[Task prompt]: Your answer should be only the lines below from the one with "Dog loves with" to the one with "秋の紅葉メッセージカード, 秋, 紅葉, 季節, メッセージカードテンプレート", repeated exactly, ends included.
******
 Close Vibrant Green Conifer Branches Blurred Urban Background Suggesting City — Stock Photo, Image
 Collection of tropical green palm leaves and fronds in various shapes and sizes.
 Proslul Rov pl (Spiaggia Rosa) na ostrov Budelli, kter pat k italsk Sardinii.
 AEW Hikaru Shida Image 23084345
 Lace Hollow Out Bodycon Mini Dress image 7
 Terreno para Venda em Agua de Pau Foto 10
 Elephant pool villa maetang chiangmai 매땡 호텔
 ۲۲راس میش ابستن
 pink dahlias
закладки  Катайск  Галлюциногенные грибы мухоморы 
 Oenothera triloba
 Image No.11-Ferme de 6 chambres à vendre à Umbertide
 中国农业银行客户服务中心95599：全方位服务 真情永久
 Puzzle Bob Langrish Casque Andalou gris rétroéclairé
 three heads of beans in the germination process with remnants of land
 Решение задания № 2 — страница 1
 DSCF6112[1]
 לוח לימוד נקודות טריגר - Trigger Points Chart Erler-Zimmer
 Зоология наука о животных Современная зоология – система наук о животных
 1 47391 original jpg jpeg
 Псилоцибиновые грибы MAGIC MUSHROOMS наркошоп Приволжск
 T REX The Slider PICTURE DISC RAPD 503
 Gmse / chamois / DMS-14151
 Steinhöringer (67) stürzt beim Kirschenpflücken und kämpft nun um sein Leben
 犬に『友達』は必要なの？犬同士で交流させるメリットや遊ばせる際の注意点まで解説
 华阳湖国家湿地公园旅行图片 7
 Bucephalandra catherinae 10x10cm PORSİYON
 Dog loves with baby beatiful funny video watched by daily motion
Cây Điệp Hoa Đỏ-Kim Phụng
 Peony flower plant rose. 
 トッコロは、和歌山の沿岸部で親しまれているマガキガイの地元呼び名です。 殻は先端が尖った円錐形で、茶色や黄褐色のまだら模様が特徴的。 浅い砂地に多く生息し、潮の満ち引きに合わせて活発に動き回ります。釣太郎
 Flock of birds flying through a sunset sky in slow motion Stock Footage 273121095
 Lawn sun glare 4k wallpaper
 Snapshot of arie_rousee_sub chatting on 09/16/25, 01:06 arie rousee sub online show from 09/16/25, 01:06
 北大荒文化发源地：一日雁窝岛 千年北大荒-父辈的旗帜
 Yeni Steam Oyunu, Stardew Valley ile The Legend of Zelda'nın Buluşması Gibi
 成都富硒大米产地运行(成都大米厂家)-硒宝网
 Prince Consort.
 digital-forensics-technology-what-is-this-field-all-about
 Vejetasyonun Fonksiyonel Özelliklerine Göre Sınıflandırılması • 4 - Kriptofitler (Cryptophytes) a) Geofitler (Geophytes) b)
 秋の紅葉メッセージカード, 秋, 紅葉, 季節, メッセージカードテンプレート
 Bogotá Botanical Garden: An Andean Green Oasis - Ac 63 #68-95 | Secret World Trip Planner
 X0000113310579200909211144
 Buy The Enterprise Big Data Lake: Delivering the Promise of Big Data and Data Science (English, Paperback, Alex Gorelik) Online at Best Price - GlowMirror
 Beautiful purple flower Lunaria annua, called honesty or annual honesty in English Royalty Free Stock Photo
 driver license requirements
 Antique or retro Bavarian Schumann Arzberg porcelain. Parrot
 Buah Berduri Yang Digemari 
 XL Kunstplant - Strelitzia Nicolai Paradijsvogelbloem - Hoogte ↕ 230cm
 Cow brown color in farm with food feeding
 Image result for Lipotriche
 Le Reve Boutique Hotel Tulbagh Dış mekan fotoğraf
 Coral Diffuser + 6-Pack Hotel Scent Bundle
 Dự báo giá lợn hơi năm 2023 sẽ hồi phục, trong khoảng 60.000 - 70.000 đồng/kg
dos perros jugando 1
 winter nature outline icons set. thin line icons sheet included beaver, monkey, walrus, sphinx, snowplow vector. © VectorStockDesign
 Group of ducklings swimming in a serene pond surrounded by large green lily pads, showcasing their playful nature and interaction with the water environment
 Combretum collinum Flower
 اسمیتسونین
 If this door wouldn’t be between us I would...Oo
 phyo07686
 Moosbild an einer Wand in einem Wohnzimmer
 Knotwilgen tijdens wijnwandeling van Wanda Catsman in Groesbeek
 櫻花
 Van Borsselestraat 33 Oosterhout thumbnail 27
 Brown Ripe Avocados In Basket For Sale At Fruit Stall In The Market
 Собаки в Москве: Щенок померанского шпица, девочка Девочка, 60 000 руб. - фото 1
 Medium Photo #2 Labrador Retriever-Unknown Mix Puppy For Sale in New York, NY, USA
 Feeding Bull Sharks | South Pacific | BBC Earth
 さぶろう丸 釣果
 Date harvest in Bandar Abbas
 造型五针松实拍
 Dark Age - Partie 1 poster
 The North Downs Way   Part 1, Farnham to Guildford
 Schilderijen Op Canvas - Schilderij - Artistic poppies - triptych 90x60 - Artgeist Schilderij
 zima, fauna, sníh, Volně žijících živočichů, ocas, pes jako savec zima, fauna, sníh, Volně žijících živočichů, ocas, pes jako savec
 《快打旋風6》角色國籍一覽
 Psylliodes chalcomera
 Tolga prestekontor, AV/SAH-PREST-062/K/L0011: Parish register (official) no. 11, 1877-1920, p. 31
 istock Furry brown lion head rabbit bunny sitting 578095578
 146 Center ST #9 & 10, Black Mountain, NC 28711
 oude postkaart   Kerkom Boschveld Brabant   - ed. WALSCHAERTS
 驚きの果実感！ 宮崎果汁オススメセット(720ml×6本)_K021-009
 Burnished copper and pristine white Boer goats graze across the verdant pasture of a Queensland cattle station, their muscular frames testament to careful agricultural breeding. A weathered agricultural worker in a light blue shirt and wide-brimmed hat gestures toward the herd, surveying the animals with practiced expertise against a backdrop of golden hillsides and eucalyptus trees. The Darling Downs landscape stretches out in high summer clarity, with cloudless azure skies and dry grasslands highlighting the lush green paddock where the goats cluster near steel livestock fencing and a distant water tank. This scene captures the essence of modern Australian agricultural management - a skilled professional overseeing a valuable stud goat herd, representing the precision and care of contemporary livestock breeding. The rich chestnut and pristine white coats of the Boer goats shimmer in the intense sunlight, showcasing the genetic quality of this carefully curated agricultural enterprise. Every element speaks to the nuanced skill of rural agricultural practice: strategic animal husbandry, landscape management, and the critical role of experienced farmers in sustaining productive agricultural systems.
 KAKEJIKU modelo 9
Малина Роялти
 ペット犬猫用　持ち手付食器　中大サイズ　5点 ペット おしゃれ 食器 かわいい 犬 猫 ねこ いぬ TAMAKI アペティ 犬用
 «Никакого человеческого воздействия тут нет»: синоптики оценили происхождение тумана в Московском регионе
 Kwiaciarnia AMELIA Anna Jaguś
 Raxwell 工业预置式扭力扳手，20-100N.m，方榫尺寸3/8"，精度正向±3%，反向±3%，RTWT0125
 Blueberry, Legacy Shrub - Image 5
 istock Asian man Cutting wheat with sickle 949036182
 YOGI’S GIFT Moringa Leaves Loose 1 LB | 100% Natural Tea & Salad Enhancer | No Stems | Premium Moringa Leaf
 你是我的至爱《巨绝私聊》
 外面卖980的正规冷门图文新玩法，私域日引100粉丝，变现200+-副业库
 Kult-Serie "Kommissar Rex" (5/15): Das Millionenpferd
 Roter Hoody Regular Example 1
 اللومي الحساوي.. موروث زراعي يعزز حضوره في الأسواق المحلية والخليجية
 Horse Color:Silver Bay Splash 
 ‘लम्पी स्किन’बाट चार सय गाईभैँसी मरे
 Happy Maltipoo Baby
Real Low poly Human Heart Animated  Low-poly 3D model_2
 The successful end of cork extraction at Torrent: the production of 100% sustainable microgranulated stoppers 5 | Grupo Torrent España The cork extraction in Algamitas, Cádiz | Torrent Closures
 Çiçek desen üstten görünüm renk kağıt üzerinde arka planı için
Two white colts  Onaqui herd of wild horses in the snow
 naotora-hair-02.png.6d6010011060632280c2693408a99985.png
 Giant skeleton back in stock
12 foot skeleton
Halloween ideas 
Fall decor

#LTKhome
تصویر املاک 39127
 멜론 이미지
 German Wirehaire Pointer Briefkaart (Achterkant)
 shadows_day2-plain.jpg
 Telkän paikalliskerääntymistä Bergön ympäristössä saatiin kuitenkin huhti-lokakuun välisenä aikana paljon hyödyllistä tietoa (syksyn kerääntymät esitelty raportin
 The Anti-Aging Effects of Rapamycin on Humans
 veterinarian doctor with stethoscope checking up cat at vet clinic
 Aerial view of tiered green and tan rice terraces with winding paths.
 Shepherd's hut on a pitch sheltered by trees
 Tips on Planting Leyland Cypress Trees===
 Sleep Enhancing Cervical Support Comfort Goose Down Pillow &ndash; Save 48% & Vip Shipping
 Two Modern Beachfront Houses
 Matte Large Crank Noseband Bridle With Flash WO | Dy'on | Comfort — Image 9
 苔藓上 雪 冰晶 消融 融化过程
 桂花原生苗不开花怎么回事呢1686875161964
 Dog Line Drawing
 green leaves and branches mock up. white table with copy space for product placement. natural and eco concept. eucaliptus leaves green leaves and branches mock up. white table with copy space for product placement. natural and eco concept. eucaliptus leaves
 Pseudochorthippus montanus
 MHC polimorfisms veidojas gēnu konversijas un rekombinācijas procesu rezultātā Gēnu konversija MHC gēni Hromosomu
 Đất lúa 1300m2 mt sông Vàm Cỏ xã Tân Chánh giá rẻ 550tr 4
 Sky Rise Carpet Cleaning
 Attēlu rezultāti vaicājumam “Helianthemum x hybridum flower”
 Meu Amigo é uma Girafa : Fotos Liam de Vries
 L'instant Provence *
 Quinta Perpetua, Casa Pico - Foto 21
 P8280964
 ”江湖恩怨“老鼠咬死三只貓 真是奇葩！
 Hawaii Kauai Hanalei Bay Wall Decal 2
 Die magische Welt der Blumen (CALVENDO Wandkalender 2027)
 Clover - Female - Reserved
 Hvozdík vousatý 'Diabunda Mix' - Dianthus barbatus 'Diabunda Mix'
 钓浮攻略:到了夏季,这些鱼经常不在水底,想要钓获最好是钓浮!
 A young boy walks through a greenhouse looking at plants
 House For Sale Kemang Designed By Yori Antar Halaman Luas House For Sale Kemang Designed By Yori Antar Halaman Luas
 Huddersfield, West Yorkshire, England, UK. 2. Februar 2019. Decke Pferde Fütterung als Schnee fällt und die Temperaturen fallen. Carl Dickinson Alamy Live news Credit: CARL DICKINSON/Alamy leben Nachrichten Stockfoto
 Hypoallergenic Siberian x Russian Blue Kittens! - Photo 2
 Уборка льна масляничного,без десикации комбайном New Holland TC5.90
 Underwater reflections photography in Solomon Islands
******
[Task result]:
 Dog loves with baby beatiful funny video watched by daily motion
Cây Điệp Hoa Đỏ-Kim Phụng
 Peony flower plant rose. 
 トッコロは、和歌山の沿岸部で親しまれているマガキガイの地元呼び名です。 殻は先端が尖った円錐形で、茶色や黄褐色のまだら模様が特徴的。 浅い砂地に多く生息し、潮の満ち引きに合わせて活発に動き回ります。釣太郎
 Flock of birds flying through a sunset sky in slow motion Stock Footage 273121095
 Lawn sun glare 4k wallpaper
 Snapshot of arie_rousee_sub chatting on 09/16/25, 01:06 arie rousee sub online show from 09/16/25, 01:06
 北大荒文化发源地：一日雁窝岛 千年北大荒-父辈的旗帜
 Yeni Steam Oyunu, Stardew Valley ile The Legend of Zelda'nın Buluşması Gibi
 成都富硒大米产地运行(成都大米厂家)-硒宝网
 Prince Consort.
 digital-forensics-technology-what-is-this-field-all-about
 Vejetasyonun Fonksiyonel Özelliklerine Göre Sınıflandırılması • 4 - Kriptofitler (Cryptophytes) a) Geofitler (Geophytes) b)
 秋の紅葉メッセージカード, 秋, 紅葉, 季節, メッセージカードテンプレート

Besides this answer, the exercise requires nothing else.